**Problem statement**
Retype, word for word, the lines from the first line of the entries through the line that holds "Atatürkün okulları"; leave out the pictures.

[Exercise data Boundary: Start]

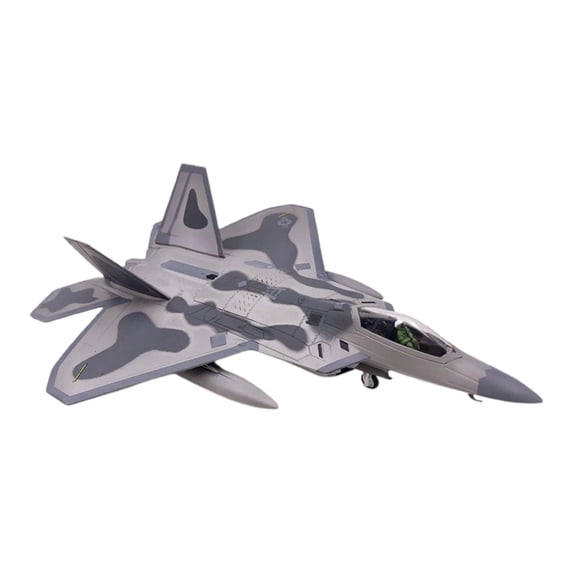 1/100 F22 Fighter Model Static Aviation Plane Warplane Ornament Collectibles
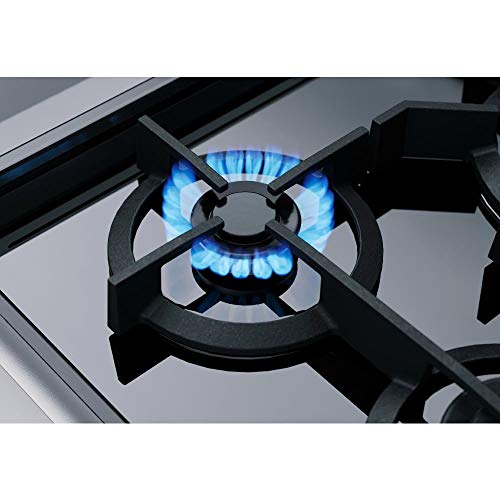 Fogão Brastemp 5 Bocas De Embutir Cor Inox Com Mesa De Vidro E Touch Timer Com Autodesligamento – BYS5VCR 220V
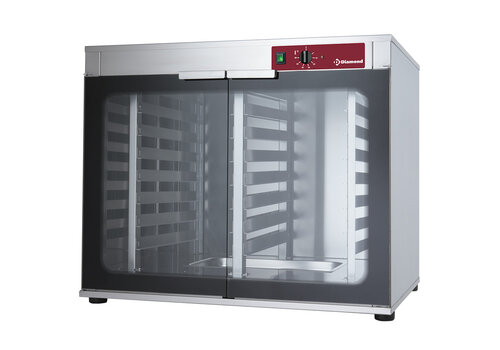  HorecaTraders Armoire de fermentation pour four | 2 portes | 2x8 niveaux 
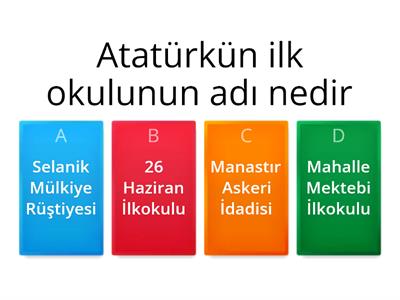 Atatürkün okulları
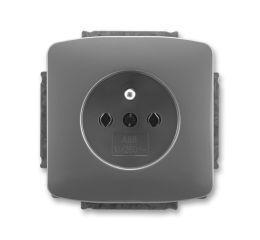 Tango® zásuvka jednonásobná s ochranným kolíkem, šroubové svorky 5518A-A2349 S2 kouřová šedá ABB
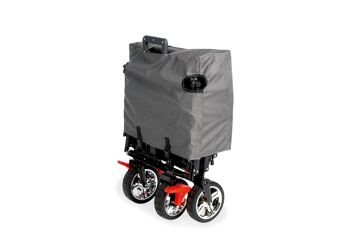 Chariot pliable 'AddPlus' avec frein, gris chiné 4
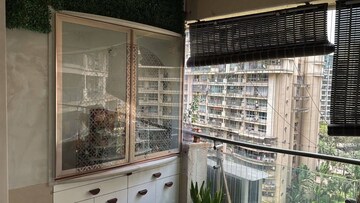 Balcony in 2 BHK Apartment at Aakash Gagan Dream, Vasai East – for Rent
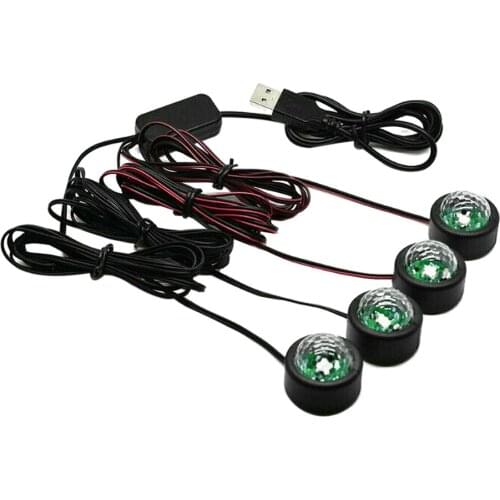 5V Car Panel Neon Lamp Strip LED Light Interior Atmosphere Light Trim, Universal Fit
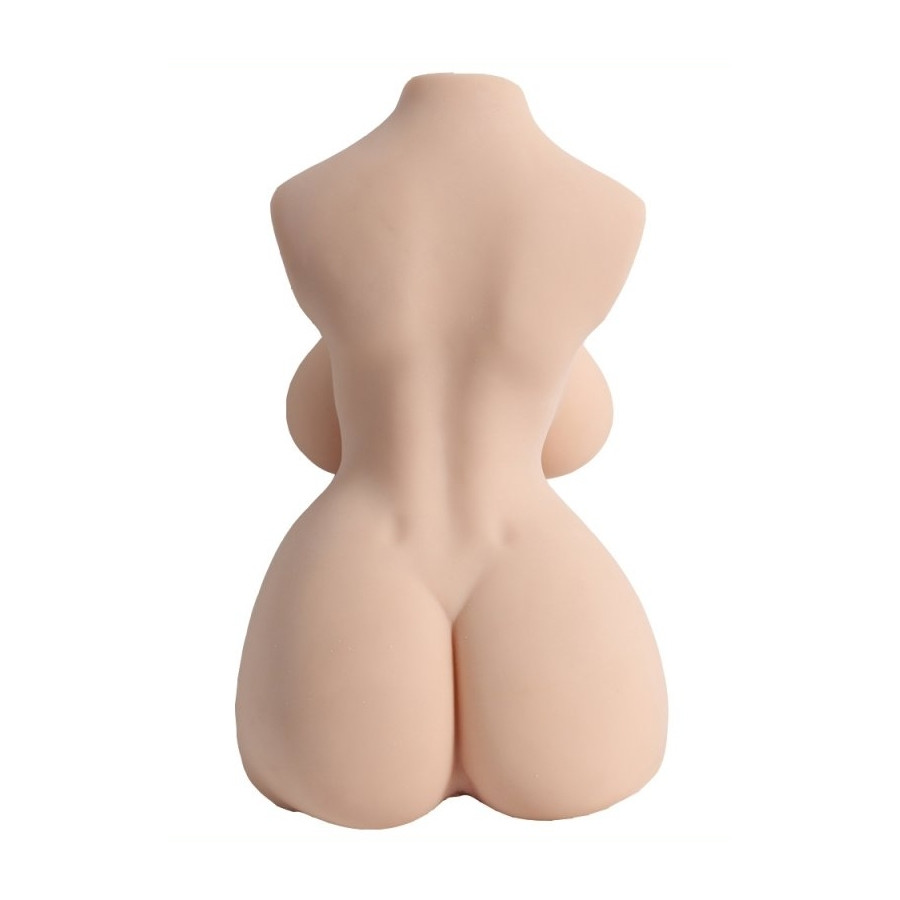 Masturbateur Buste avec Pénis articulé Shemale Sexe de 17cm 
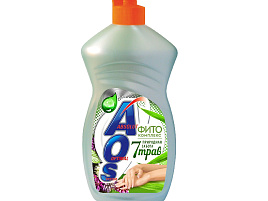 Средство для посуды AOS 0,9л.Фитокомплекс 7 трав(Казань)1123-3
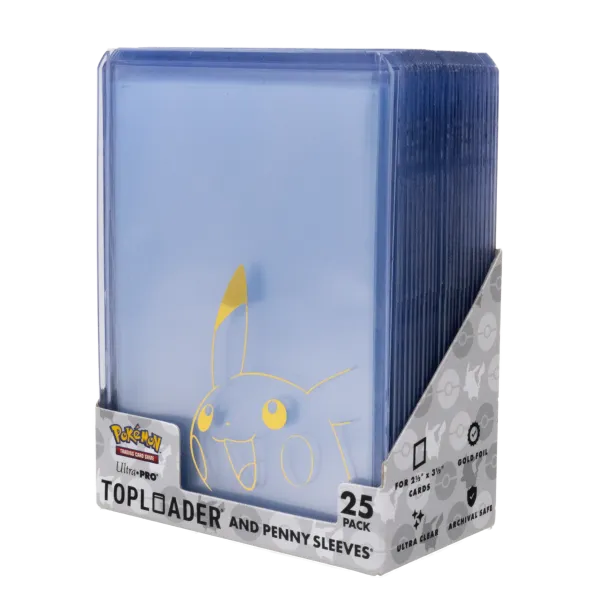 Ultra Pro - Pikachu Toploader + Penny Sleeves Combo Pack (25er Pack)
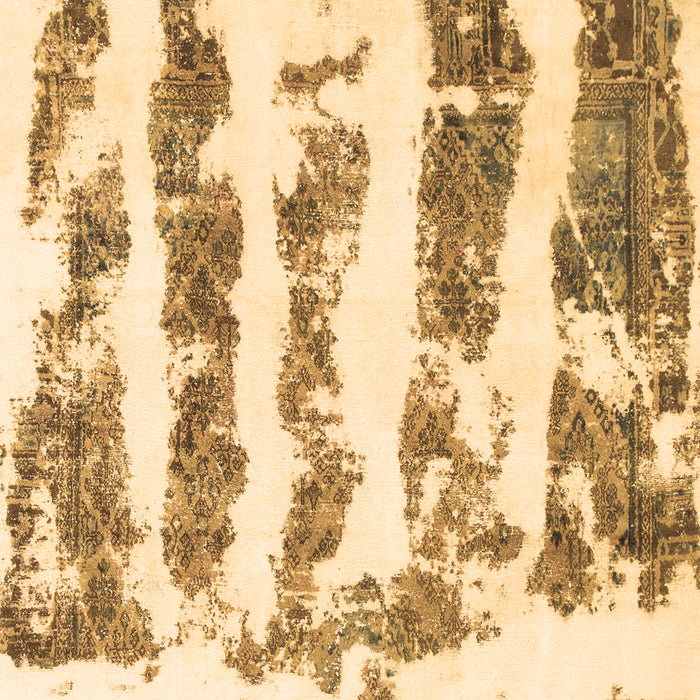 Square Abstract Brown Modern Rug, abs832brn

[Exercise data Boundary: End]

**Solution below**
 1/100 F22 Fighter Model Static Aviation Plane Warplane Ornament Collectibles
 Fogão Brastemp 5 Bocas De Embutir Cor Inox Com Mesa De Vidro E Touch Timer Com Autodesligamento – BYS5VCR 220V
  HorecaTraders Armoire de fermentation pour four | 2 portes | 2x8 niveaux 
 Atatürkün okulları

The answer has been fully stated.